Public execution of Polish priests and civilians by Nazis
in Bydgoszcz's Old Market Square on 9 September 1939.
Ready for the storm? Expecting a big rescue ASAP right after that storm? How about a Rapture instead?
It never fails, I can't get into the prophecies of doom and gloom. I can listen to reasoned observation on what is happening in the world, the things we all can see if we look honestly, and by that I mean humbly. No doubt we live in perilous times, but as one Protestant minister I just happened to come across on television said, "We must repent!" His Bible study - sermon was practical, and deeply moving. It was exactly what Christians need to do - because 'faith' - or rather 'Truth has dwindled among the sons of men, falsehood they speak one to another, with lying lips, with a false heart.' We know and need to acknowledge these things - to stand firm.
I've been thinking of the attitude Catholics maybe should strive for today ... it's the opposite of what, 'the false prophets who exploit the fear and hopelessness' are saying.
First and foremost - I think it is a mistake to run and hide - although some may want to do that, and even need to do that - to do what is best for their families and so on.
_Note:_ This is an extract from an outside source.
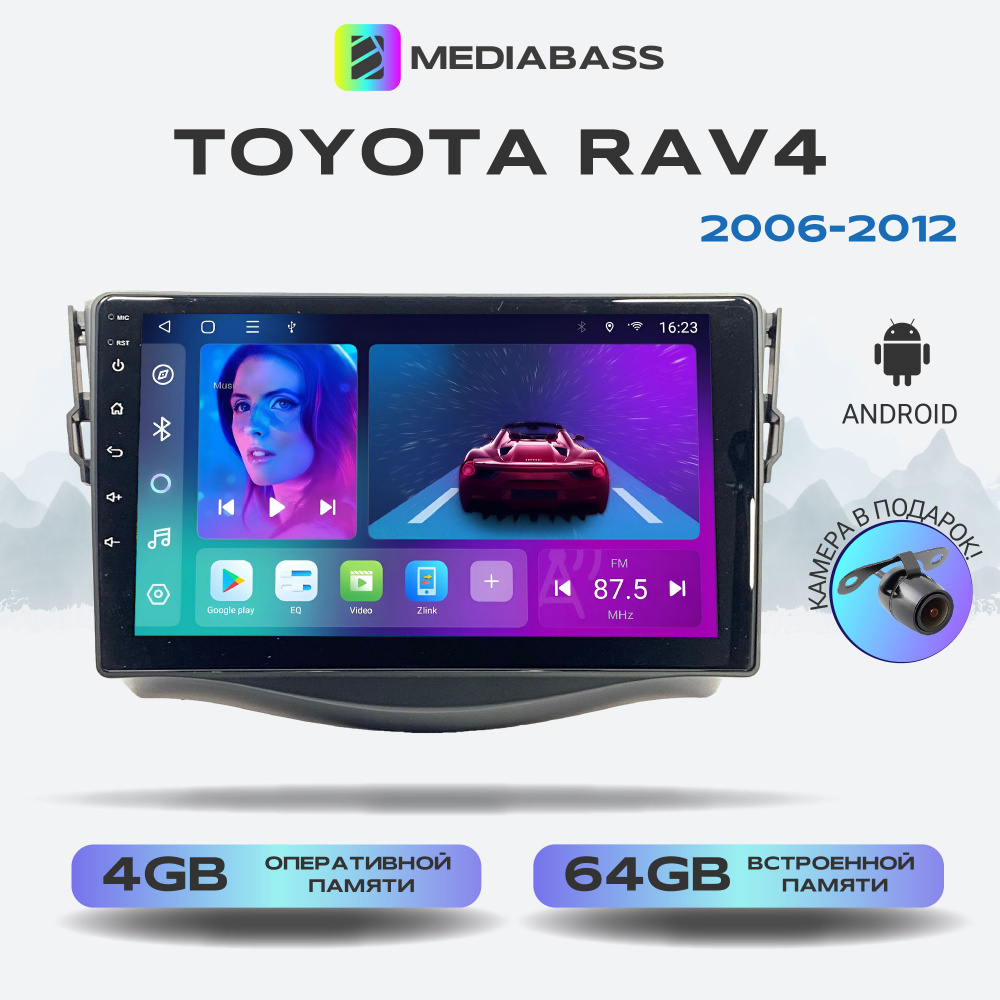 Магнитола MEDIABASS Toyota RAV4 2006-2012, Android 13, 4/64GB, DSP, 4G модем,Тойота Рав 4 + Переходная #1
Yet, not everyone can do that, therefore, staying 'in place' seems to me to be the more Christian thing to do, for those who are able and have no other choice. The so-called 'Benedictine option' leaves a lot of people out in the cold. (If there is any lesson to be learned from Norcia - it just may be that. The perfect monastery, the perfect liturgy, the perfect life ... and now everyone is out in the cold, so to speak.)
Staying in place ...
The 'ordinary people of the streets' have always done that. They remained faithful through Vatican Councils, liturgical changes, societal changes, through scandal and sometimes doing so with social acceptance. Today, they continue to persevere amid dominate secularization and even apostasy. They are ordinary people in ordinary time worshiping God in ordinary form - they do not need to flee to extraordinary forms of life, living aloof from the riff-raff.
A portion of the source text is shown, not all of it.